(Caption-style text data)
=== Begin Enclosure ===
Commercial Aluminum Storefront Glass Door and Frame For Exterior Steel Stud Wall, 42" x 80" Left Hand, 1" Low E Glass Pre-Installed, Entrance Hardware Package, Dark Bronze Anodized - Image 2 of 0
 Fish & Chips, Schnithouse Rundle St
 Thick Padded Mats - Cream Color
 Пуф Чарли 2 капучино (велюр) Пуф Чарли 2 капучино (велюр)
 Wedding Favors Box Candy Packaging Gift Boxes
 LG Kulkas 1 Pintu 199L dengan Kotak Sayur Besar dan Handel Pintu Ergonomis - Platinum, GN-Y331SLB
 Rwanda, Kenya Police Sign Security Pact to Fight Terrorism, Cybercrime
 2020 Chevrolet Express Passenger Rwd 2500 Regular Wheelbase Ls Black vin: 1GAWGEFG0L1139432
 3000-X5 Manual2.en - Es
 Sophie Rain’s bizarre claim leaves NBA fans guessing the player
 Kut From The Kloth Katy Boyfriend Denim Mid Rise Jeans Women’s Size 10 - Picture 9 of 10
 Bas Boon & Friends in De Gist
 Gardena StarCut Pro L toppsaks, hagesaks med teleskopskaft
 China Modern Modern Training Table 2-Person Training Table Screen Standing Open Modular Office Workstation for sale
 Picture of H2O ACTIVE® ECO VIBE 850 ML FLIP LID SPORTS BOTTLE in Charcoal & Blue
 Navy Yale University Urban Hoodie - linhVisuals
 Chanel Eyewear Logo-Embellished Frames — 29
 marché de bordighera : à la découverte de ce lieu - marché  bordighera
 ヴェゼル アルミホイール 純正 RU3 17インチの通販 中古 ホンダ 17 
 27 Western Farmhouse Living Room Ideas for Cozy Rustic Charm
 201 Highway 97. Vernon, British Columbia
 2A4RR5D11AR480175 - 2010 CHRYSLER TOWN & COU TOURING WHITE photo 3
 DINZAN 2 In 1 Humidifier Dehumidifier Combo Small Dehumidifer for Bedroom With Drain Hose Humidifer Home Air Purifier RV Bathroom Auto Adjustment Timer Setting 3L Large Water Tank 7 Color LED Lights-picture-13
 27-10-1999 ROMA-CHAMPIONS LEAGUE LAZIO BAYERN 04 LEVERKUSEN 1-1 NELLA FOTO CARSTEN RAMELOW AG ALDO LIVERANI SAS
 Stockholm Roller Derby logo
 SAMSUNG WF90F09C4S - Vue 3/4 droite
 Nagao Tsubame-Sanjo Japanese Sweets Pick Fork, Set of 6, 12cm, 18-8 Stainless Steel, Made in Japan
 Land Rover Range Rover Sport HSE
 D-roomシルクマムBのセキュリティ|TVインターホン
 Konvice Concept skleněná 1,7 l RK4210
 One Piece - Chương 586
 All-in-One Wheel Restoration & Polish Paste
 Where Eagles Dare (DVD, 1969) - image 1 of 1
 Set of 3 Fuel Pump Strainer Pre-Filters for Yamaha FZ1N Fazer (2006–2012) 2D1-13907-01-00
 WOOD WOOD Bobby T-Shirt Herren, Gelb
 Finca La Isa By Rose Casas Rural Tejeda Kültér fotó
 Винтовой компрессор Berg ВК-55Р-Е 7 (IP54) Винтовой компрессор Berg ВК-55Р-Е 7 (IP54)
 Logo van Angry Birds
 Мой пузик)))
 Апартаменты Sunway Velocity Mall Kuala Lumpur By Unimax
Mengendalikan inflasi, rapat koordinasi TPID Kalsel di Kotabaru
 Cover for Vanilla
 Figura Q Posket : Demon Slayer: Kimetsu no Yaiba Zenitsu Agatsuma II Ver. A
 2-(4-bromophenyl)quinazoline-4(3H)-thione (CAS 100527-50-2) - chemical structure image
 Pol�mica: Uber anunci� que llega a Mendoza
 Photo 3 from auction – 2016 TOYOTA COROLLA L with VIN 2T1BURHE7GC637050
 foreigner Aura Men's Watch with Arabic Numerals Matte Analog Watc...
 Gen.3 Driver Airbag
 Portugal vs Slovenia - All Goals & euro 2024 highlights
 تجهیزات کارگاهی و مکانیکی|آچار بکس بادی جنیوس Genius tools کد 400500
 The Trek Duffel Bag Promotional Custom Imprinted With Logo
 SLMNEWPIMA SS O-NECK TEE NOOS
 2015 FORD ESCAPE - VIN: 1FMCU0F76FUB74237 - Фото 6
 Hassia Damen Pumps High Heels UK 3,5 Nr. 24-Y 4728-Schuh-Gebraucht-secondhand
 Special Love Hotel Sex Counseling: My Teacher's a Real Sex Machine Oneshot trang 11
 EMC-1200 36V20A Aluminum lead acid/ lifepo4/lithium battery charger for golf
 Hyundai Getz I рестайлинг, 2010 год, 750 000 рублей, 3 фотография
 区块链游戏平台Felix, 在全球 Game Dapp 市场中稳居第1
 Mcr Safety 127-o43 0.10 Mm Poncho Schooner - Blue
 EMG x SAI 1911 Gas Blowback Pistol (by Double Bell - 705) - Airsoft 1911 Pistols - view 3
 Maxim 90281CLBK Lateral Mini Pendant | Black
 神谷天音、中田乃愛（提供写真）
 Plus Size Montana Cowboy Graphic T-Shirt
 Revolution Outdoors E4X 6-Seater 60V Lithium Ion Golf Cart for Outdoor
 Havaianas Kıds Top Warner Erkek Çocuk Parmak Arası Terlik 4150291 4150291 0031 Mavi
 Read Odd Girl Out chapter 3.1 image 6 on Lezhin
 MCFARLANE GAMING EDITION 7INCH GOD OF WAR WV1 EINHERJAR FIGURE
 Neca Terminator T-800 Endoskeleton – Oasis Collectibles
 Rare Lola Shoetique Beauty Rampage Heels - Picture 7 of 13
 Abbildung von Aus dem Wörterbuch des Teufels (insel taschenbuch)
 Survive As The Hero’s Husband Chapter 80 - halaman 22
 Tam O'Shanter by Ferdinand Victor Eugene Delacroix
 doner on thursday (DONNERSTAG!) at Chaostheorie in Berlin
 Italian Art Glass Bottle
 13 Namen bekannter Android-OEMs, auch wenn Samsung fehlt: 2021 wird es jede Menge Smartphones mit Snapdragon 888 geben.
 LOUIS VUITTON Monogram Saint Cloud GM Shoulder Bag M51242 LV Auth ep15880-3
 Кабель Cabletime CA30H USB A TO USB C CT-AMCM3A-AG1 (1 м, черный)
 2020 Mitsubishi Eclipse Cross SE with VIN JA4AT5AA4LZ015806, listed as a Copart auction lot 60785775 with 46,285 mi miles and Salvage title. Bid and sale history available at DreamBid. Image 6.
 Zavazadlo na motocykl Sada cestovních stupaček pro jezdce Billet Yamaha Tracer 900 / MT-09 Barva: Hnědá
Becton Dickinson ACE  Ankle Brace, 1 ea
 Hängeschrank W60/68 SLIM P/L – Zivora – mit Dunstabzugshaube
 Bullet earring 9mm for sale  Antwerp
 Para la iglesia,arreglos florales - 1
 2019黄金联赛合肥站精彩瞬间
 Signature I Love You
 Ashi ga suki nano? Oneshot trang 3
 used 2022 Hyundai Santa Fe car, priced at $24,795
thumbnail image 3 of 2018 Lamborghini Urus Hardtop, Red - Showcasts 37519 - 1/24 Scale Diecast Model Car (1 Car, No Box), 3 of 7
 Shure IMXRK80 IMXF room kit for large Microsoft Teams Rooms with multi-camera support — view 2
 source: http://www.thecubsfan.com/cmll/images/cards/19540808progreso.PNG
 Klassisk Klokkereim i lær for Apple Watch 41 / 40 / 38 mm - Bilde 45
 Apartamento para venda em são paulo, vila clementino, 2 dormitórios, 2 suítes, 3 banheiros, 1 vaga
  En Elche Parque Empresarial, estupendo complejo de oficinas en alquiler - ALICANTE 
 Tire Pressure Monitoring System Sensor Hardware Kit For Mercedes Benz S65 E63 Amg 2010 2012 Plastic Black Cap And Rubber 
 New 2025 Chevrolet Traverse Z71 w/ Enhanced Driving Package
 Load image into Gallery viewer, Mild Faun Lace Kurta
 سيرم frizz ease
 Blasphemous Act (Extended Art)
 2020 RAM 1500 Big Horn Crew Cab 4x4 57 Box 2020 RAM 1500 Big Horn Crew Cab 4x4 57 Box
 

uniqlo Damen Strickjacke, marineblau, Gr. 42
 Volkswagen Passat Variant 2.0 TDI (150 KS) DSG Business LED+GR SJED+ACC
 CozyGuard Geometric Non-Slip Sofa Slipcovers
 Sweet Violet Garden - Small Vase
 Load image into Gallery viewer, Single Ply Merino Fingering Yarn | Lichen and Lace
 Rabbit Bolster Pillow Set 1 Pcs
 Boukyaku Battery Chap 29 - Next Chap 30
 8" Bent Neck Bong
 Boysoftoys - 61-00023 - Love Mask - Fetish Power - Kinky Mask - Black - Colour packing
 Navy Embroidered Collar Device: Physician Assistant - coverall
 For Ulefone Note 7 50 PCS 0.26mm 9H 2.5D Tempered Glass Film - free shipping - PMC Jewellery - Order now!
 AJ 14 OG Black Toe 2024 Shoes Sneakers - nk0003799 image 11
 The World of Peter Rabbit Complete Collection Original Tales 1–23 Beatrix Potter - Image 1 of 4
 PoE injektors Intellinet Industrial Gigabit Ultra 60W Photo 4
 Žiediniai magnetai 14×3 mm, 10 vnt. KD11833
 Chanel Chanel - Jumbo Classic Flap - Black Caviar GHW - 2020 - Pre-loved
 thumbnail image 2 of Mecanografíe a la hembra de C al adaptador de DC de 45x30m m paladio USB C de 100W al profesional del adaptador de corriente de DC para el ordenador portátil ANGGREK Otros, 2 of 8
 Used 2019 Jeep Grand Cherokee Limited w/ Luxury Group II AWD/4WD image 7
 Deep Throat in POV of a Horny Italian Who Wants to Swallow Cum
=== End Enclosure ===
If a line in the records above contains "Lace", copy that line.

Finished exercise:
 Load image into Gallery viewer, Mild Faun Lace Kurta
 Load image into Gallery viewer, Single Ply Merino Fingering Yarn | Lichen and Lace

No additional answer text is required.